Shesinthebarn, do you mind me asking what the breeding on your filly is? I'm a reining freak and just love seeing bloodlines!


----------



## FGRanch (Feb 9, 2008)

NicoleS11 said:


> some trainers have a hard time with who the actual "customer" is...


 
Couldn't have said it better myself!  And the customers need to speak up and say "Hey look! It's people like me that make your life possible!"


----------



## kitten_Val (Apr 25, 2007)

FehrGroundRanch said:


> I know that stallion and he is something else!

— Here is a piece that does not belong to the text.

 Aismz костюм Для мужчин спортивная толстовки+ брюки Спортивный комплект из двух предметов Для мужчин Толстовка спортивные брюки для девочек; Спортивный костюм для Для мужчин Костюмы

Sorry to sound dumb, but what do you mean by that? He's good or bad or not good for reining, or something else? Lol! 

They are giving lessons, so I'm thinking about giving them a call to see.


----------



## FGRanch (Feb 9, 2008)

He is amazing. My friend owns a daughter of his and not only is she an excellent performer, getting a chance to compete and the National Canadian Reining Level and 10 YEARS OLD! (That is unheard of!) but she is also one of the most beautiful horses that I have ever laid eyes on!


----------



## kitten_Val (Apr 25, 2007)

FehrGroundRanch said:


> He is amazing. My friend owns a daughter of his and not only is she an excellent performer, getting a chance to compete and the National Canadian Reining Level and 10 YEARS OLD! (That is unheard of!) but she is also one of the most beautiful horses that I have ever laid eyes on!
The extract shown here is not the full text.